The results of QTL detections in our present study revealed two different genetic features controlling Cd distribution and Cd tolerance. First, there was a bias in the QTL working patterns between Cd tolerance and Cd distribution. Most of the loci (18 out of 19 QTLs) responsible for Cd distribution were identified as additive QTLs (Table 1 and Figures 4B,D), and most of the loci (24 out of 25 QTLs) for Cd tolerance were detected as epistatic loci (Table 2 and Figures 4A,C). Second, most of the detected QTLs, including additive QTLs and epistatic QTLs, did not share the same genomic regions simultaneously, except for the locus on chromosome 11 detected as an additive locus for Lf/Nd and an interacting locus for Cd-Tol (Tables 1, 2 and Figures 4B,C). These genetic features suggest that differences in Cd levels may not endow differences in Cd tolerance. On the other hand, there was a clear decrease in phenotypes with increasing loci responsible for S/R or Lb/Ls variation (Figures 5D,E), suggesting that additive effects from different loci drive phenotypic variation. Together, the above results revealed that quite different genetic patterns were responsible for variation in Cd distribution and Cd tolerance in our testing population; interaction effects between different loci led to variation in Cd tolerance, whereas additive effects from different loci drove variation in Cd distribution (Figures 4C,D).

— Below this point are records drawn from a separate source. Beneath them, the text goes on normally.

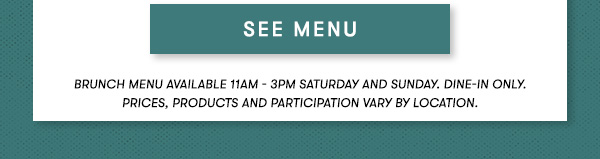 BRUNCH MENU AVAILABLE 11AM - 3PM SATURDAY AND SUNDAY. Dine-in only.PRICES, PRODUCTS AND PARTICIPATION VARY BY LOCATION. SEE MENU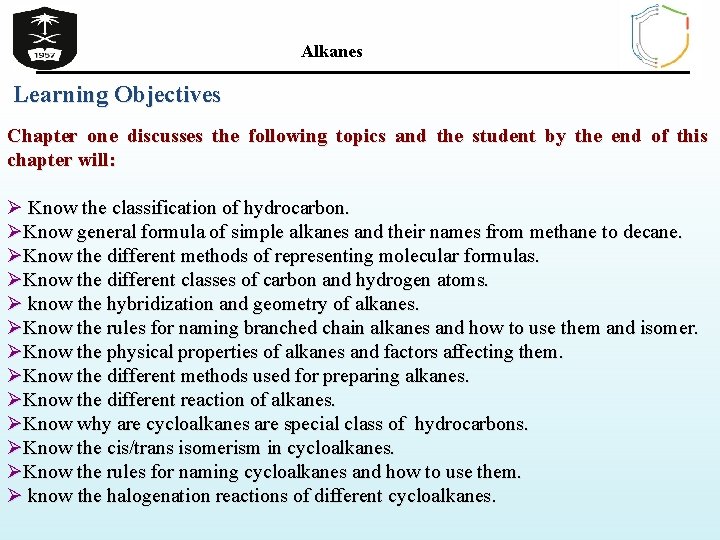 Alkanes Learning Objectives Chapter one discusses the following topics and the student by the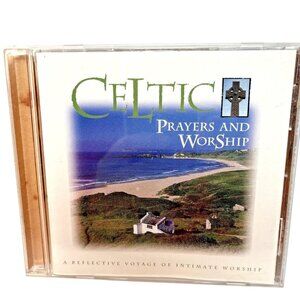 Celtic Prayers And Worship CD A Reflective Voyage Of Intimate Worship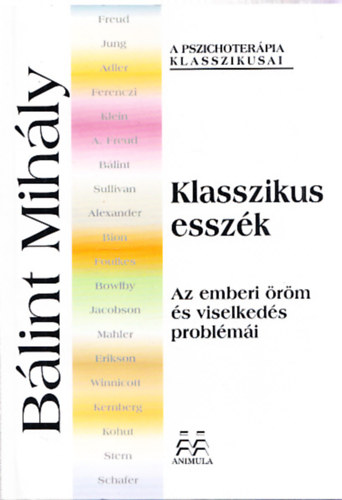 B�lint Mih�ly - Klasszikus essz�k: Az emberi �r�m �s viselked�s probl�m�i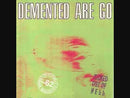 DEMENTED ARE GO - Kicked Out Of Hell - LP (col. vinyl)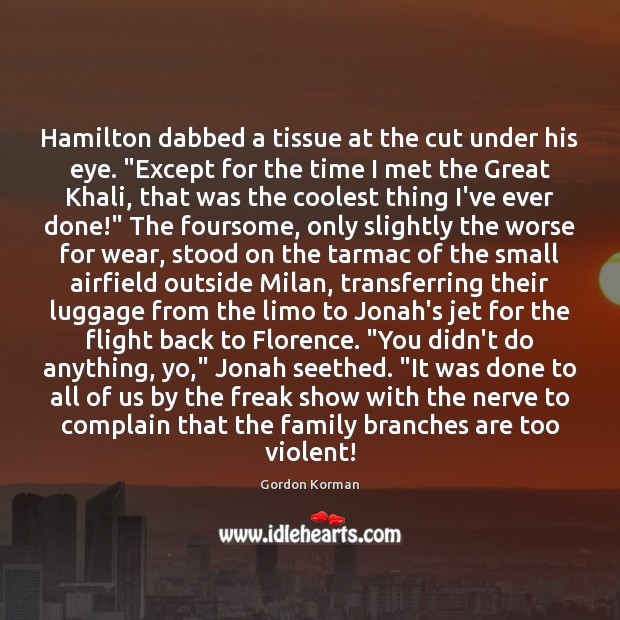 Hamilton dabbed a tissue at the cut under his eye. “Except for Gordon Korman Picture Quote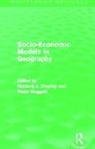 Richard Haggett Chorley, Richard Chorley, Peter Haggett, Haggett Peter - Socio-Economic Models in Geography (Routledge Revivals)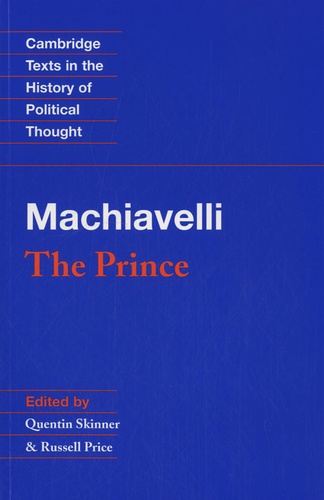 Quentin Skinner et Russell Price - Machiavelli : The Prince.
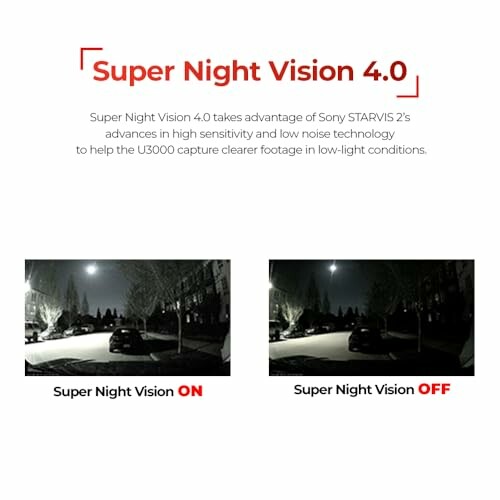 Comparison of Super Night Vision on and off in low-light conditions.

At present, geneticists and plant breeders are trying to develop rice varieties that accumulate low levels of Cd and exhibit better Cd tolerance to ease the risk of excessive Cd consumption and yield losses due to Cd toxicity (Clemens et al., 2013; Zhao et al., 2015). The findings of the present study may help to facilitate genetic improvements for Cd distribution and Cd tolerance. Our results revealed that interaction effects and additive effects from different loci separately drive phenotypic variation in Cd tolerance and Cd distribution. Thus, pyramiding different additive loci could improve the Cd distribution performance, and this could be confirmed using different additive loci (Figures 5D,E). For Cd tolerance improvement, pyramiding might be more effective for developing Cd-tolerant varieties by selecting or mutating rice varieties rather than combining different loci, due to a lack of QTLs with additive effects.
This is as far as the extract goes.